I have a C program that will be storing and retrieving alot of data in a Java store. I am putting alot of stress in my C program and multiple threads are adding and retrieving data from Java store. How will java handle such load? Because if there is only one main thread running JVM and handling all the requests from C, then it may become bottleneck for me. Will Java create multiple threads to handle the load, or is it programmers job to create and later on abort the threads?
My java store is just a Hashtable that stores the data from C, as is, against a key provided.
You definitely want to check the jni documentation about threading, which has information around attaching multiple native threads to the JVM. Also you should consider which Map implementation that you need to use. If accessing from multiple Hashtable will work, but may introduce a bottle neck as it is synchronized on every call, which will effectively mean a single thread reading or writing at a time. Consider the ConcurrentHashMap, which uses lock striping and providers better concurrent throughput.

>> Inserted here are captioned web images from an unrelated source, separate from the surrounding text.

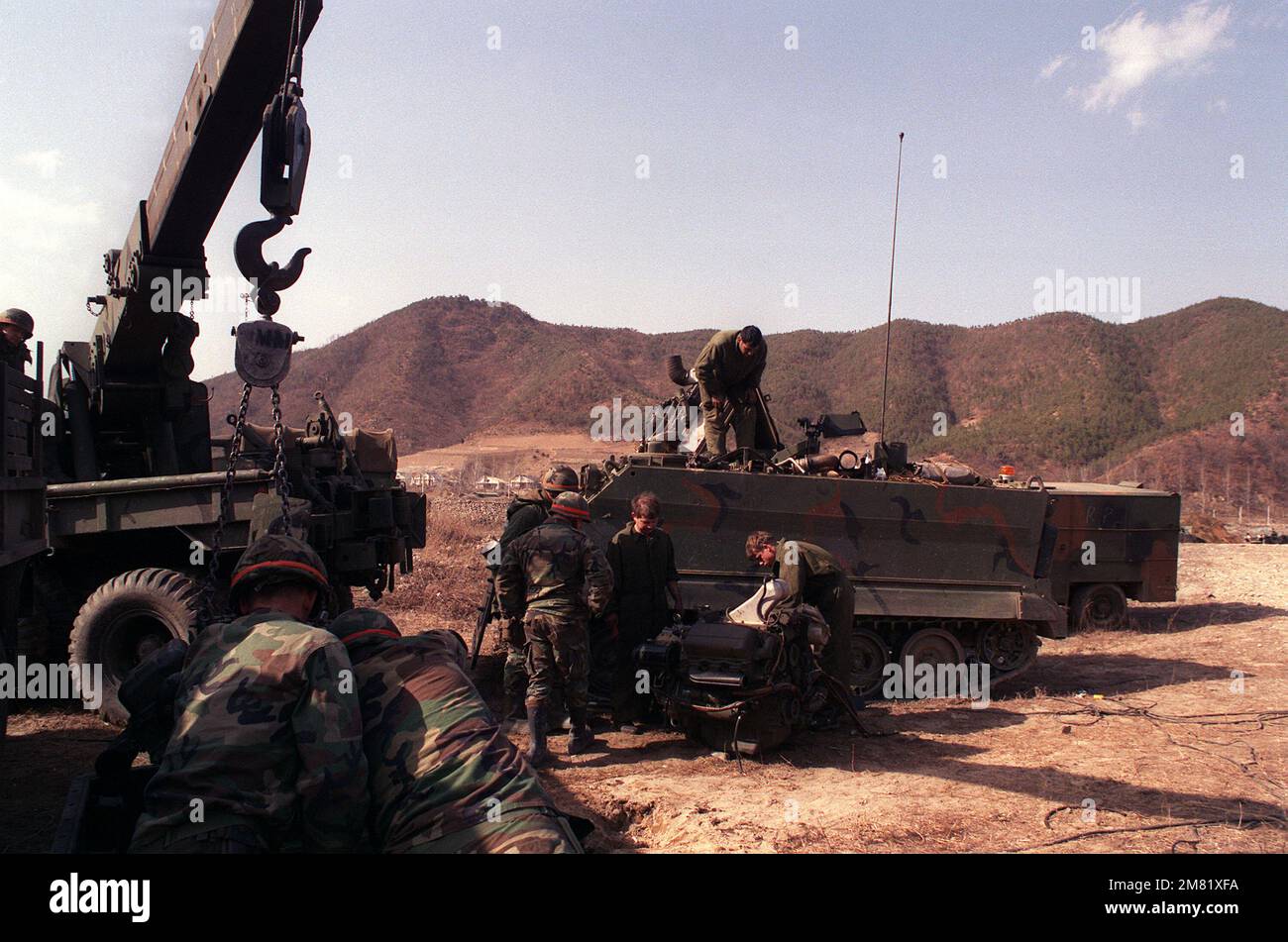 Members of the 2nd Forward Support Bn., 25th Inf. Div., perform maintenance on an M-113A2 armored personnel carrier engine during the joint South Korean/U.S. training exercise Team Spirit '84. Subject Operation/Series: TEAM SPIRIT '84 Base: Hongchon Country: Republic Of Korea (KOR) Stock Photo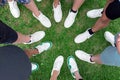 Friends putting their shoes together in a circle. Youth in white sneakers Royalty Free Stock Photo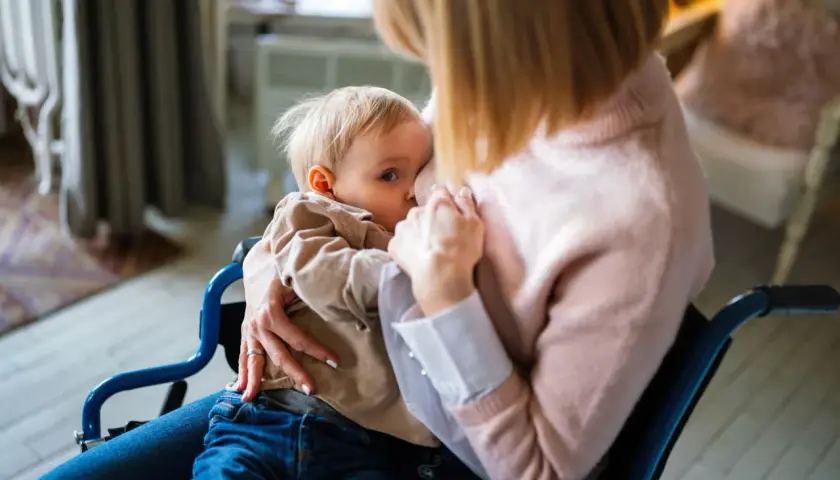 Mama w wózku karmi piersią dziecko. Decyzja o rezygnacji z karmienia piersią może być trudna, ale miłość pozostaje.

A couple of things to consider if you are concerned about bottlenecks and latency.
On a heavily loaded system, locking can introduce a high overhead. If the size of you map and the frequency of write allows, consider using an immutable map and perform a copy on write approach, where a single thread will handle writes by making updates to a copy of the map and replacing the original with the new version (make sure the reference is a volatile variable). This will allow reads to occur without blocking.
Calling from C to Java via JNI will probably become a bottle neck too, its not as fast as calling in the other direction (Java to C). You can pass Direct ByteBuffers through to Java that contain references to the C data structures and allow Java to call back down to C via the Direct ByteBuffer.
Plain Java requires that you write your own threading.
If you are communicating to java via web services it's likely that the web container will manage threads for you.
I guess you are using JNI, so then the situation is potentially more complex. Depending upon exactly how you are doing your JNI calls you can get at multiple threads in the JVM.
I've got to ask ... JNI is pretty gnarly and error prone, all too easy to bring down the whole process and get all manner of mysterious errors. Are there not C libraries containing a HashTable you could use? Or even write one, it's got to be less work than doing JNI.
I think this depends on the java code's implementation. If it proves not to thread, here's a potentially cleaner alternative to messy JNI:
Create a Java daemon process that communicates with your store, which INTERNALLY is threaded on requests, to guarantee efficient load handling. Use a single ExecutorService created by java.util.concurrent.Executors to service a work queue of store/retrieve operations. Each store/retrieve method call submits a Callable to the work queue and waits for it to be run. The ExecutorService will automagically queue and multithread the store/retrieval operations. This whole thing should be less than 100 lines of code, aside from communications with the C program.
You can communicate with this Java daemon from C using inter-process communication techniques (probably a socket), which would avoid JNI and let one Java daemon thread service numerous instances of the C program.
Alternately, you could use JNI to call the basic store/retrieve operations on your daemon. Same as currently, except the java daemon can decorate methods to provide caching, synchronization, and all sorts of fancy goodies associated with threading.